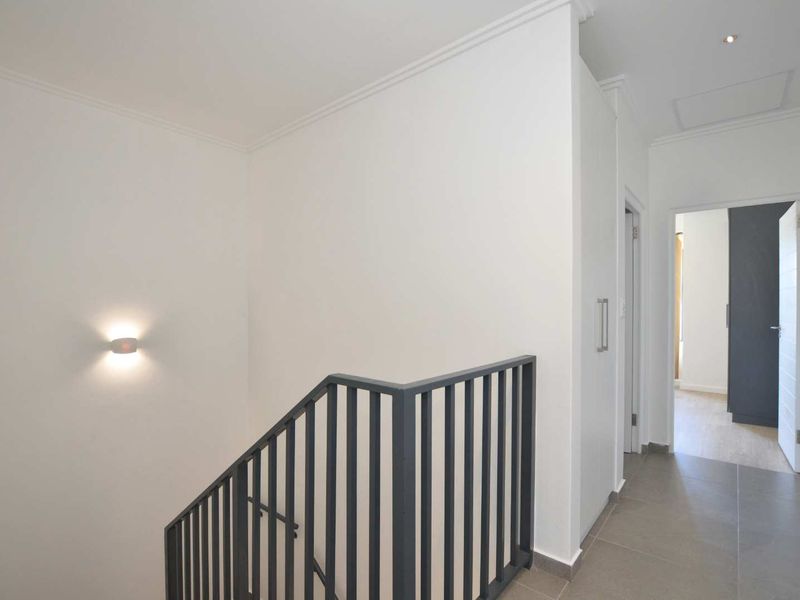 Modern Townhouse For Sale - Photo 8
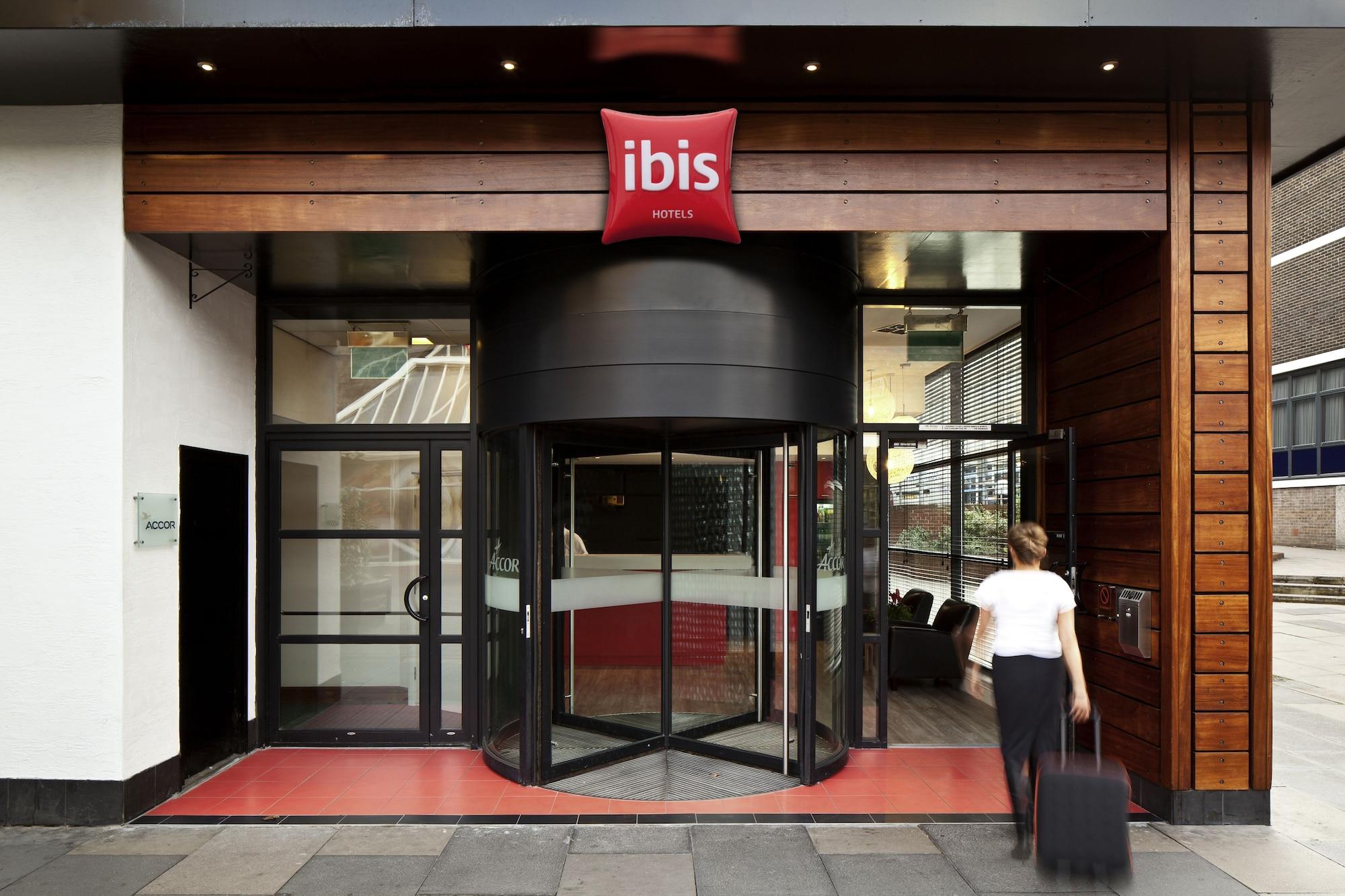 Ibis Stevenage Centre Hotel Exterior photo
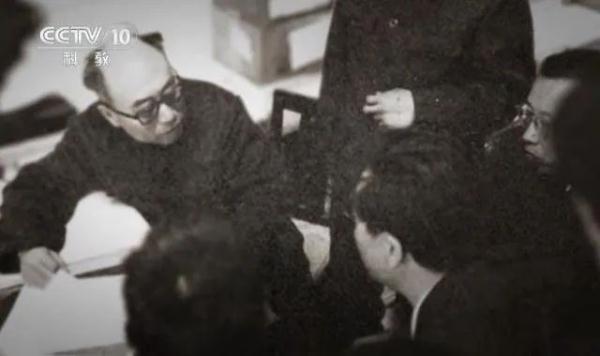 “只要国家需要，过去学的都可以抛！”他的简历只有13个字，名字是国家最高机密！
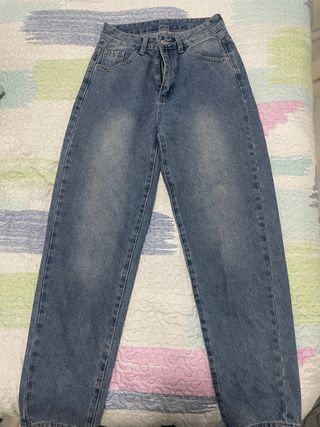 Pantalón vaquero pierna ancha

* * *

Without including a single picture, restate all of the data word for word.

## Result of this exercise
 Modern Townhouse For Sale - Photo 8
 Ibis Stevenage Centre Hotel Exterior photo
 “只要国家需要，过去学的都可以抛！”他的简历只有13个字，名字是国家最高机密！
 Pantalón vaquero pierna ancha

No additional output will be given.